Generative AI for Synthesizing Spatio-temporal Wall Pressure Fluctuations in Turbulent Boundary Layers

Wall pressure fluctuations in turbulent boundary layers are key sources of flow-induced noise, vibration, and hydroacoustic effects in underwater vehicles. Accurately predicting frequency/wavenumber spectra of these fluctuations is critical. Existing models based on Lighthill's wave equation or Kraichnan's Poisson equation often depend on empirical data and lack spatiotemporal features. Simulating these fluctuations requires high-resolution, eddy-resolving simulations such as DNS or WMLES, which is costly and impractical for high Reynolds numbers. We propose a generative learning framework using a probabilistic latent diffusion model and conditional neural field to synthesize spatiotemporal wall pressure fluctuations across different adverse pressure gradients in turbulent boundary layers.
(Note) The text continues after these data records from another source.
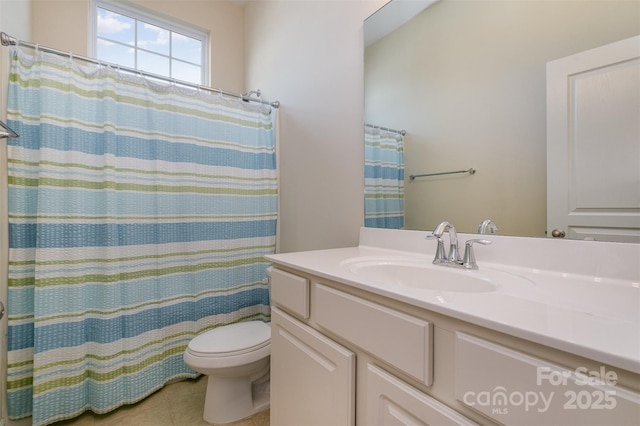 bathroom with tile patterned flooring, vanity, and toilet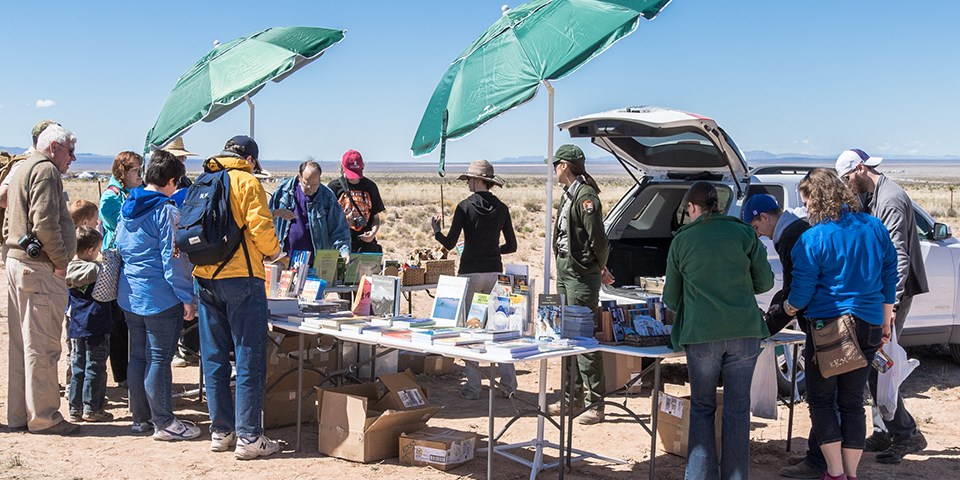 Rangers selling books at Trinity Site. Rangers selling books at Trinity Site.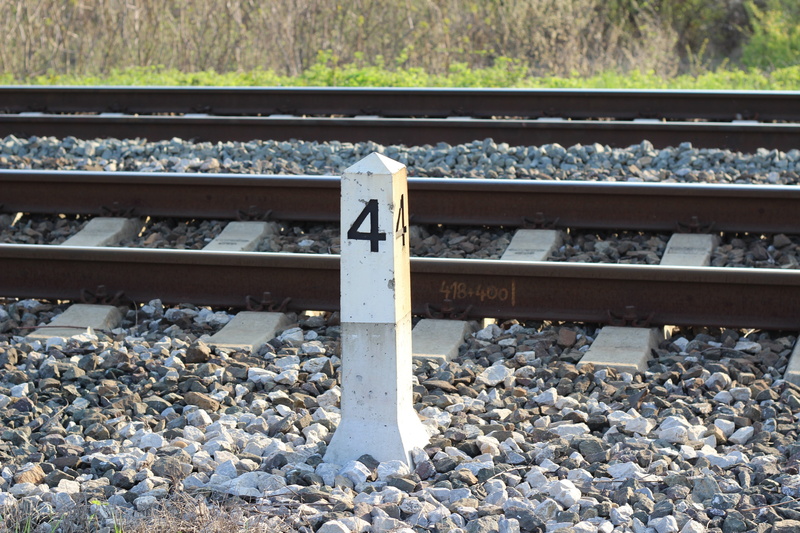 rail transportation, stone, sunlight, railroad track, no people, public transportation, sign, nature, day, railroad tie, transportation, rock, stone - object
This framework generates extended trajectories of instantaneous pressure fluctuation fields in an autoregressive manner given sparse sensor measurements and far-wall velocity. By comparing root-mean-square values, frequency spectra, and wavenumber-frequency spectra of generated spatiotemporal instantaneous pressure fluctuations with DNS reference, we demonstrate the merit and effectiveness of our proposed method.